[Material provided — start]

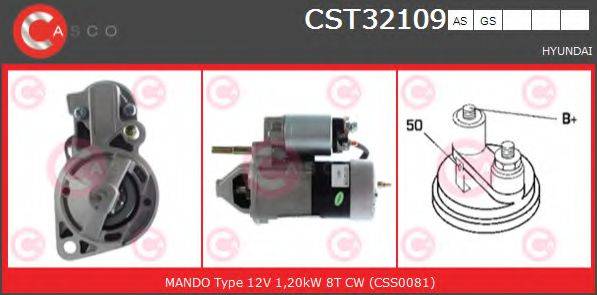 CASCO CST32109AS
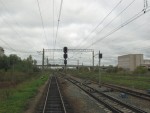 станция Новгород-на-Волхове: Вид в сторону Павловской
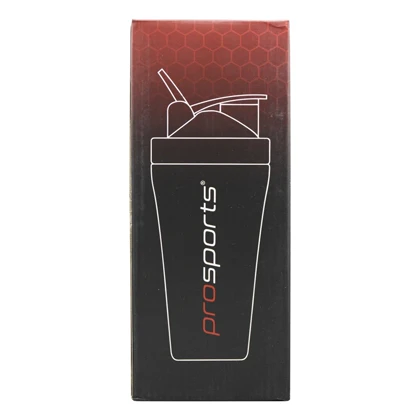 شیکر استیل ورزشی یک تیکه پرو اسپورتس دتاکس دار مدل Forge ظرفیت 0.8 لیتر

[Material provided — finish]

The answer must be the lines above from the line that contains "станция Новгород-на-Волхове: Вид" to the final line of the data, word for word, with no pictures.

### Solution to the problem
 станция Новгород-на-Волхове: Вид в сторону Павловской
 شیکر استیل ورزشی یک تیکه پرو اسپورتس دتاکس دار مدل Forge ظرفیت 0.8 لیتر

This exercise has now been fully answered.